Welcome to Microsoft Q&A platform and thanks for posting your question here.
According to the Azure documentation, querying Delta Lake format in serverless Synapse SQL pool is currently in public preview. This preview version is provided without a service level agreement, and it's not recommended for production workloads. Certain features might not be supported or might have constrained capabilities. Therefore, it is possible to encounter significant scanning overhead and multiple entries in SQL requests when using the delta format for queries within a serverless SQL pool.
To reduce the data scan, you can follow the best practices for serverless SQL pool provided by Azure. Here are some possible solutions:
- The data types you use in your query affect performance and concurrency. Use the smallest data size that can accommodate the largest possible value. If possible, use varchar and char instead of nvarchar and nchar.
- Use PARSER_VERSION 2.0 to query Delta Lake files: You can use a performance-optimized parser when you query Delta Lake files.

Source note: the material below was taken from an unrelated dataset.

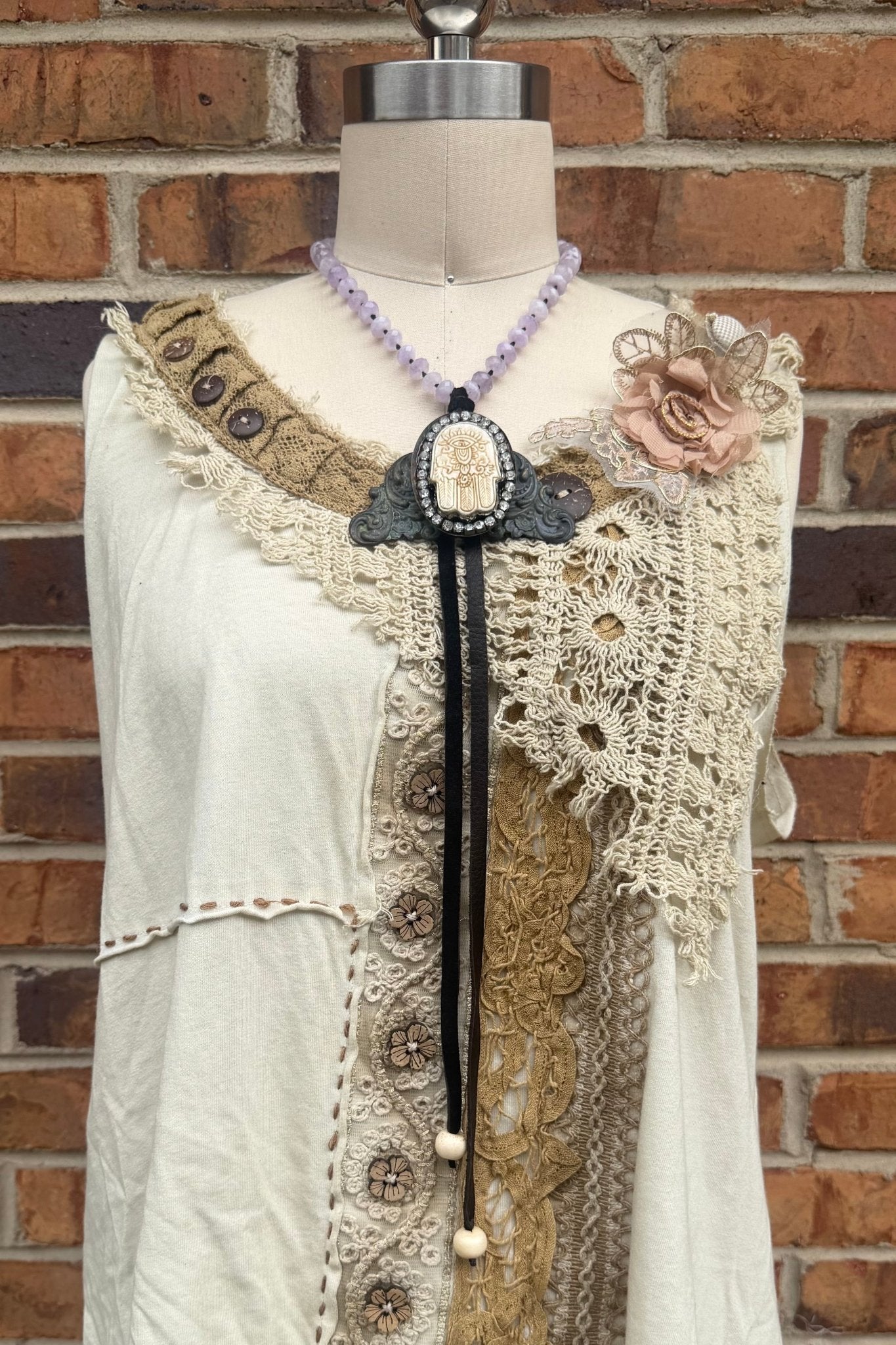 OOAK Talk to the Hand Hamsa Necklace - ivyandlavyboutique Jaded Gypsy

- Creating statistics for columns used in queries can improve query performance in Azure Synapse Analytics. The serverless SQL pool uses statistics to generate optimal query execution plans. While statistics are automatically created for some file types, they are not automatically created for Delta Lake files when using external tables. It's important to manually create statistics for Delta Lake files, especially for columns used in DISTINCT, JOIN, WHERE, ORDER BY, and GROUP BY clauses.

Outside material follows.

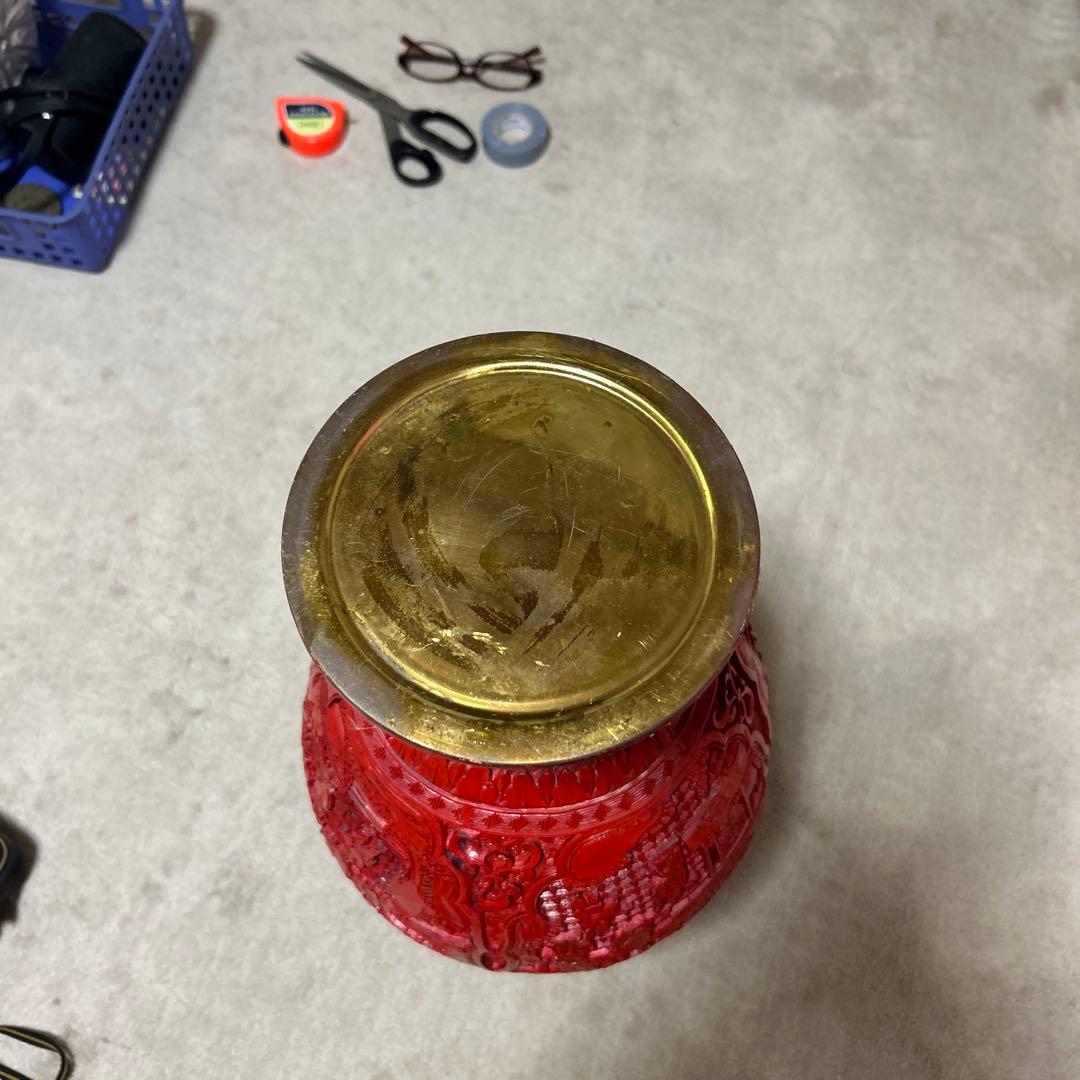 赤い陶器の花瓶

- Optimizing the partition strategy in your data lake can improve query performance in Azure Synapse Analytics. To do this, you need to identify the file types in the data lake and the query performance SLA. You should also consider whether your use case demands predictable performance and cost, and whether you have unplanned or bursty SQL analytical workloads. It's important to identify the data consuming pattern and platforms. By doing so, you can ensure that you have a good partition strategy that meets your specific needs and improves query performance.

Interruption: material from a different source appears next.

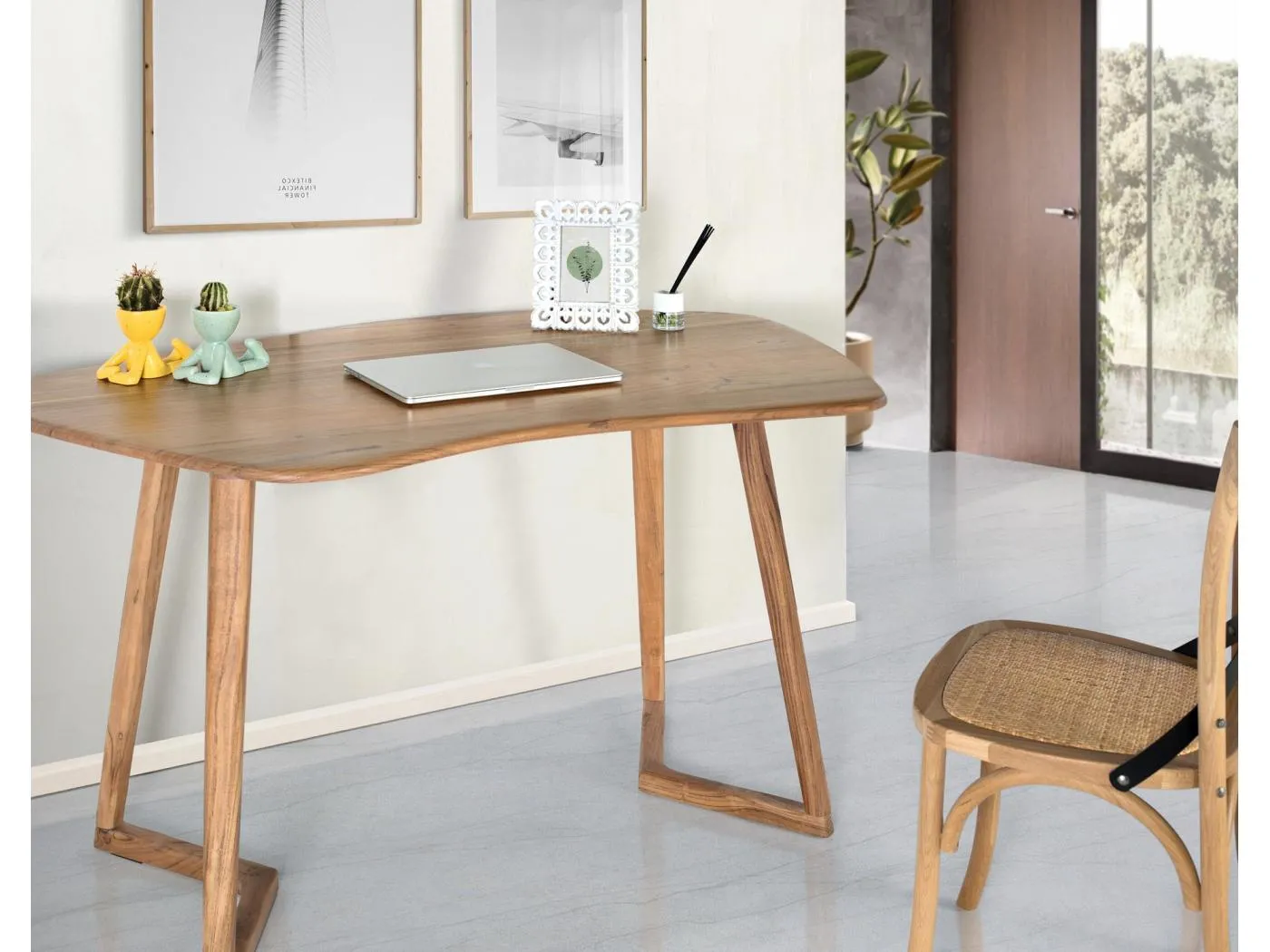 Schreibtisch aus massivem Akazienholz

- Using Spark pool assessment can help improve query performance in Azure Synapse Analytics. Spark pools enable data engineering and data preparation, and Apache Spark includes many optimization techniques that can improve query performance. By using Spark pool assessment, you can identify performance bottlenecks and optimize your Spark jobs to improve query performance.
https://docs.microsoft.com/en-us/azure/synapse-analytics/sql/develop-openrowset#parser_version
I hope this information helps you. Let me know if you have any further questions or concerns.